> Exercise material
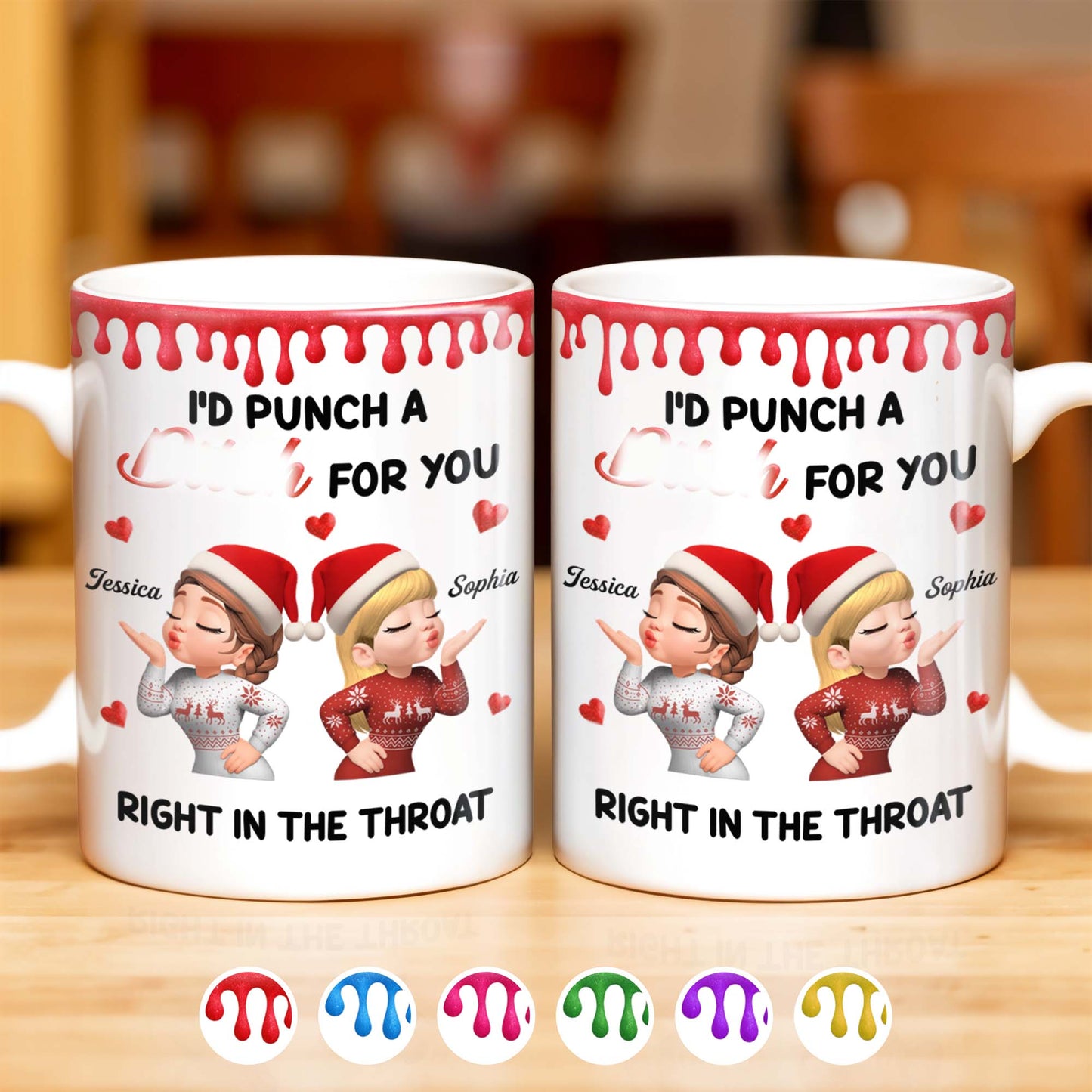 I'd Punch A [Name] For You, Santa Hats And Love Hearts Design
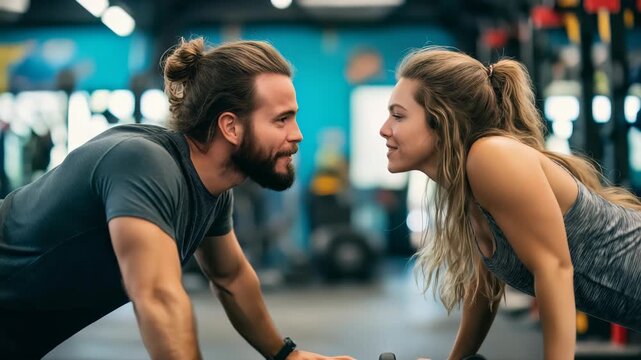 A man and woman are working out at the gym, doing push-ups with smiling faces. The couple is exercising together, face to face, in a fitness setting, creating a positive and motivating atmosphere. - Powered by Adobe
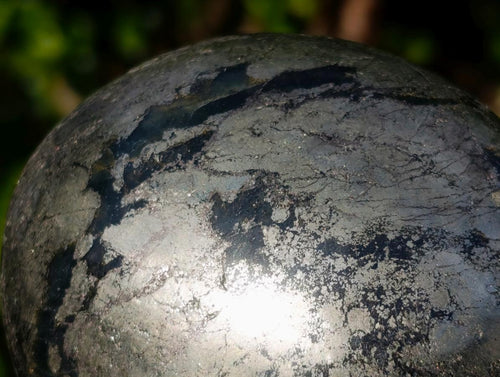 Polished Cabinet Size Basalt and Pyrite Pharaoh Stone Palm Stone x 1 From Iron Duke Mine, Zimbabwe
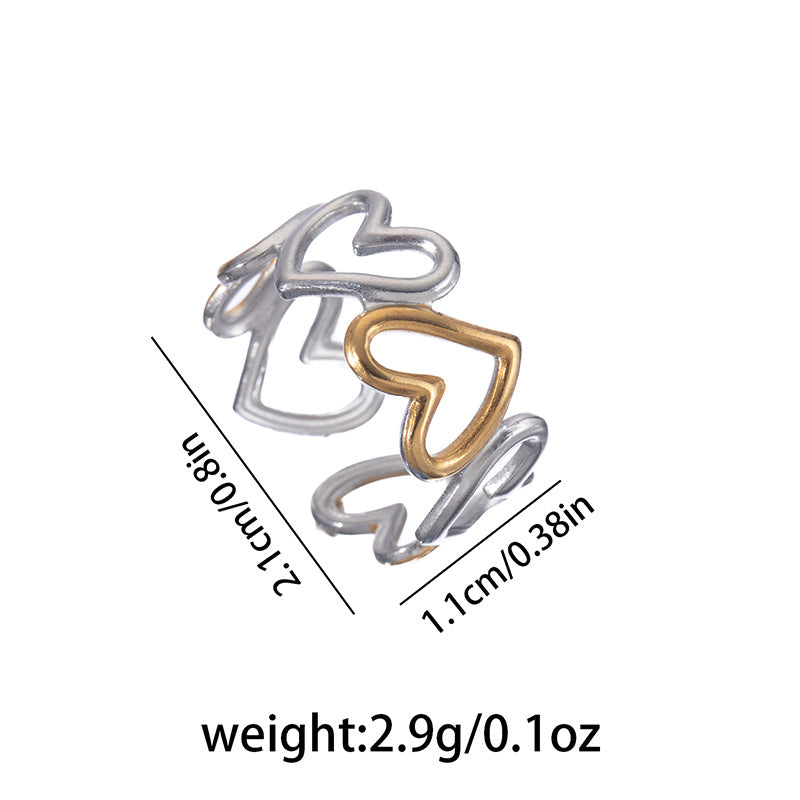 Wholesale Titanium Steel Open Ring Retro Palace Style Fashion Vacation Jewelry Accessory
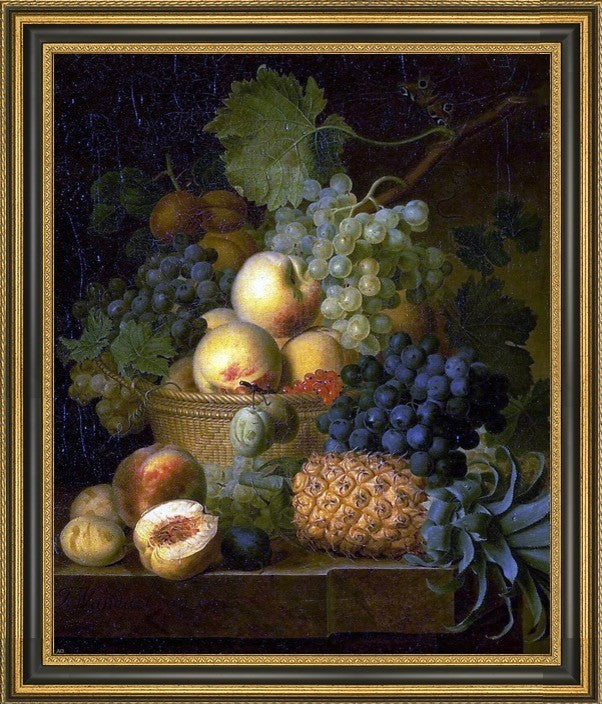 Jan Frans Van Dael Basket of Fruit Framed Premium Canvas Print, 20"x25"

--

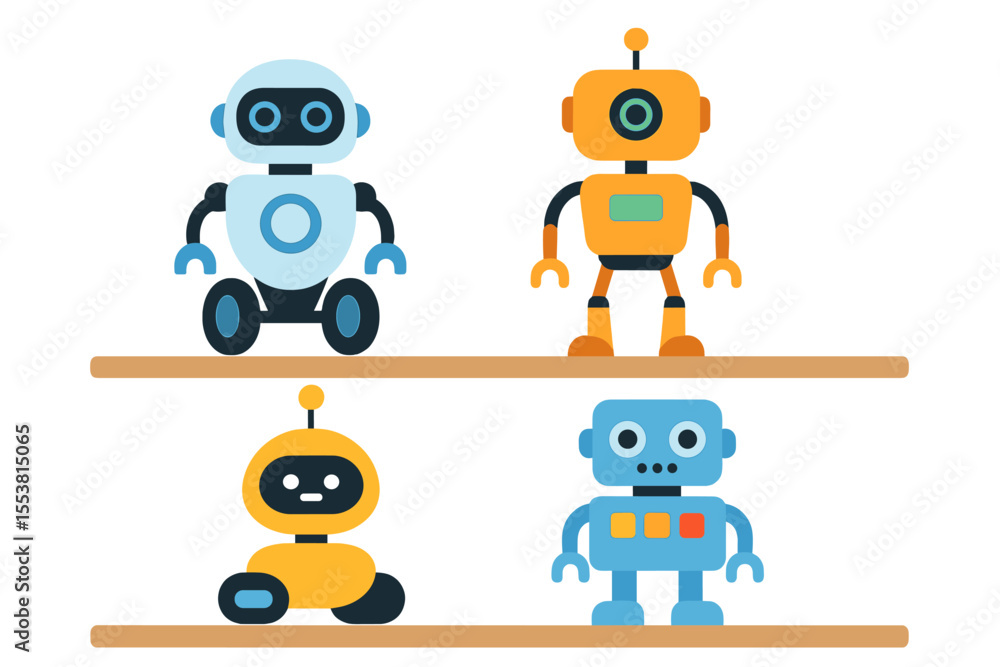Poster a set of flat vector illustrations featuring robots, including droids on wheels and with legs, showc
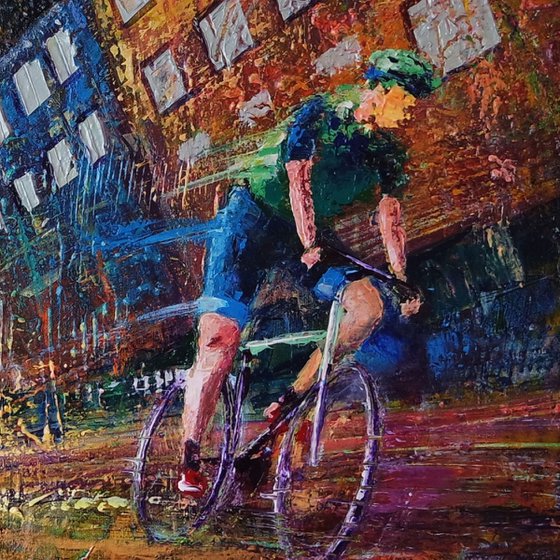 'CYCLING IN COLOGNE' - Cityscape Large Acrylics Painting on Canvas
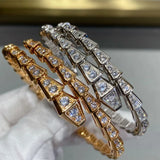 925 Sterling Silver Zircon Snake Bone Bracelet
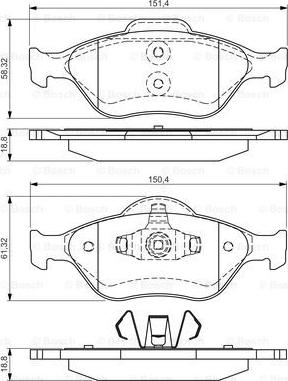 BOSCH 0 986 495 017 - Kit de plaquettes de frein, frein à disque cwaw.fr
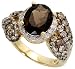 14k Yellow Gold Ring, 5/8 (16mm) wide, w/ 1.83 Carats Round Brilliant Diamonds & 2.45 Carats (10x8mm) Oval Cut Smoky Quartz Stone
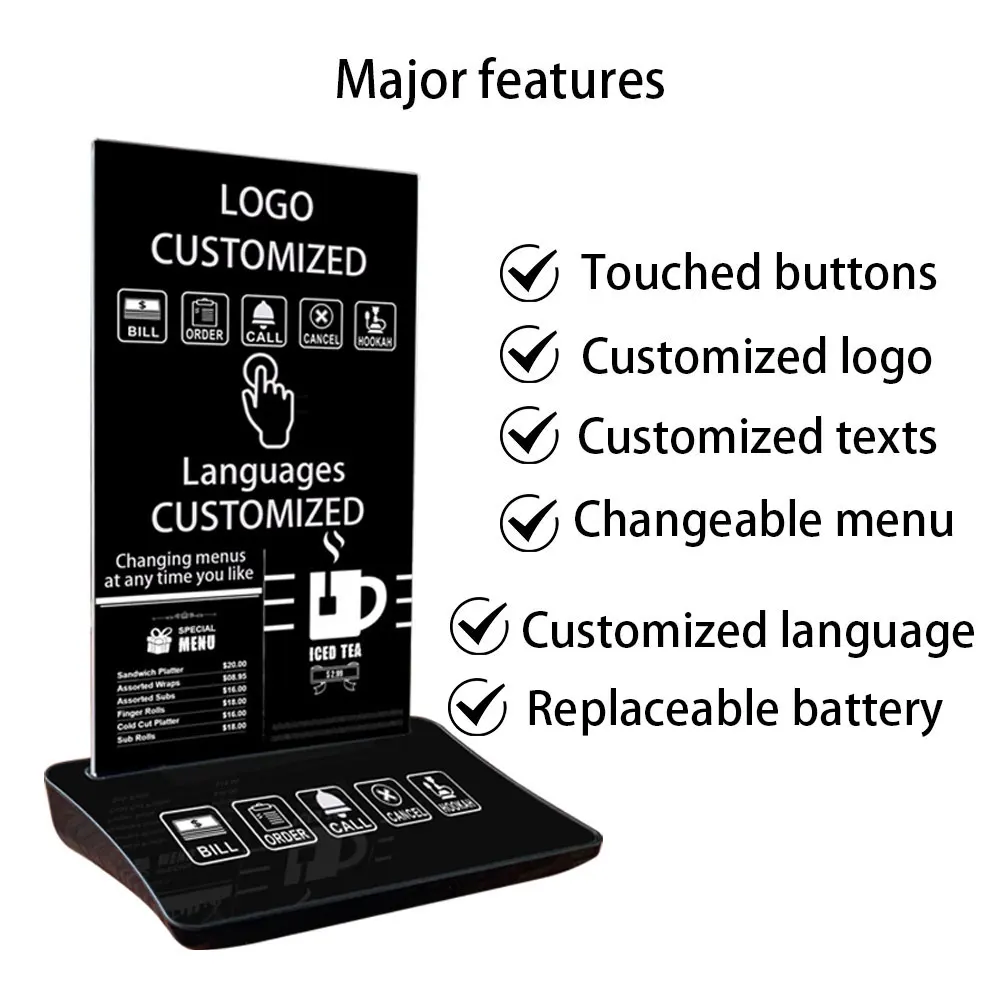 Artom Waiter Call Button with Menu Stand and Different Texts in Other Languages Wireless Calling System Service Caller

> Activity
Without the pictures, set down the lines above from the line with "I'd Punch A" up to and including the line with "Jan Frans Van" exactly as they stand.

> Answer space
 I'd Punch A [Name] For You, Santa Hats And Love Hearts Design
 A man and woman are working out at the gym, doing push-ups with smiling faces. The couple is exercising together, face to face, in a fitness setting, creating a positive and motivating atmosphere. - Powered by Adobe
 Polished Cabinet Size Basalt and Pyrite Pharaoh Stone Palm Stone x 1 From Iron Duke Mine, Zimbabwe
 Wholesale Titanium Steel Open Ring Retro Palace Style Fashion Vacation Jewelry Accessory
 Jan Frans Van Dael Basket of Fruit Framed Premium Canvas Print, 20"x25"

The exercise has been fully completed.